TASK ITEM: Please give back the listing exactly, without any of its pictures.

INPUT DATA:
——————————

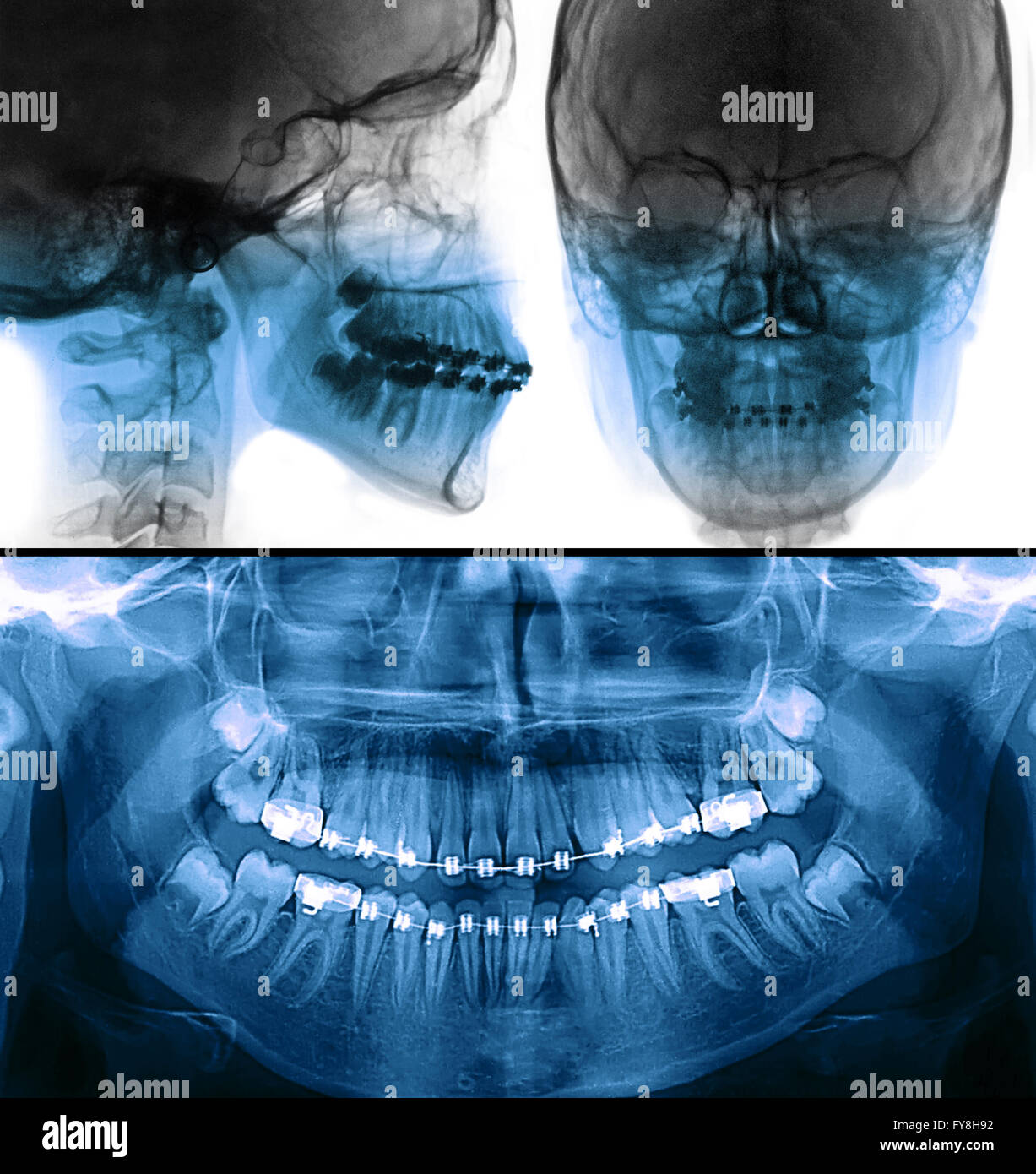 Dental panoramic x ray hires stock photography and images Alamy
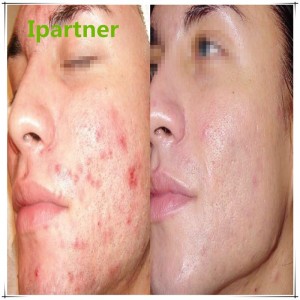 ขายร้อน Derma Roller สำหรับการดูแลผิว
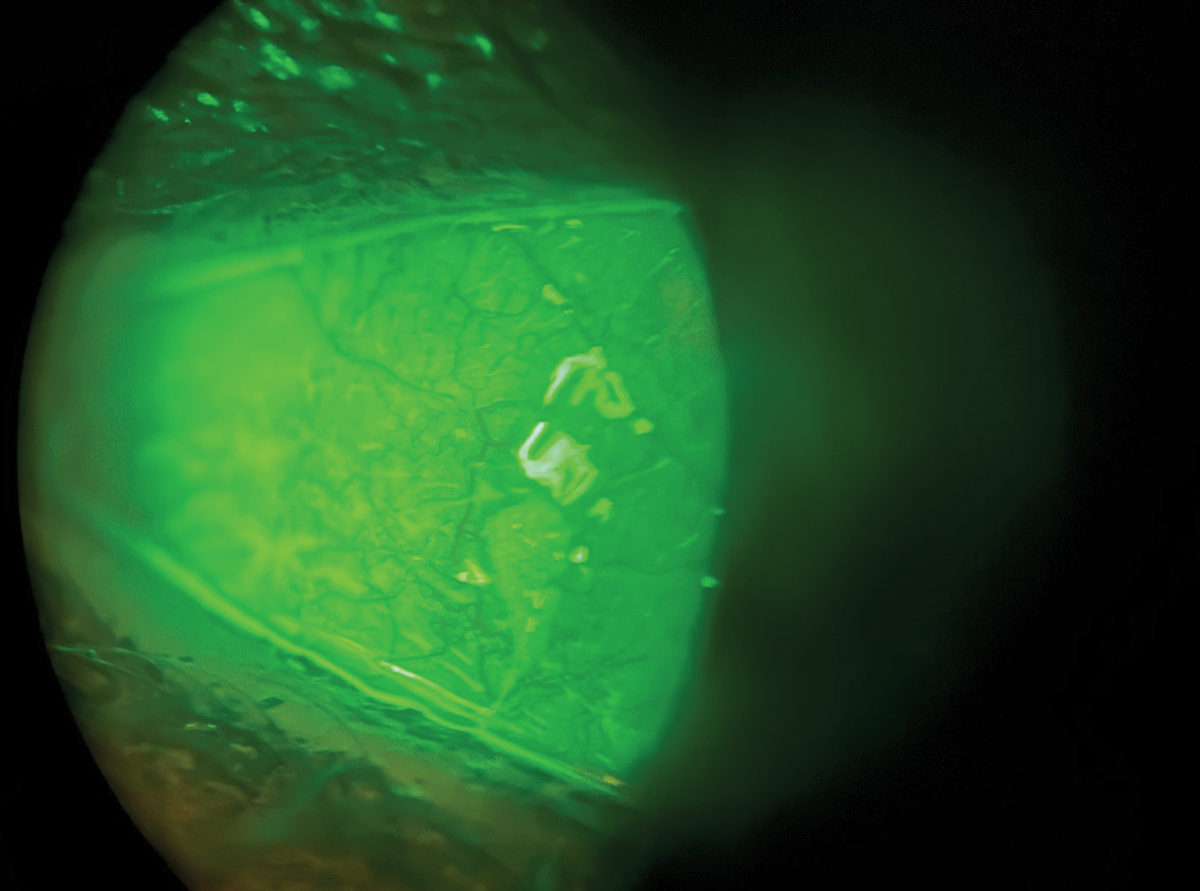 Fluorescein staining seen in dry eye.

——————————

OUTPUT FOR THIS TASK:
 Dental panoramic x ray hires stock photography and images Alamy
 ขายร้อน Derma Roller สำหรับการดูแลผิว
 Fluorescein staining seen in dry eye.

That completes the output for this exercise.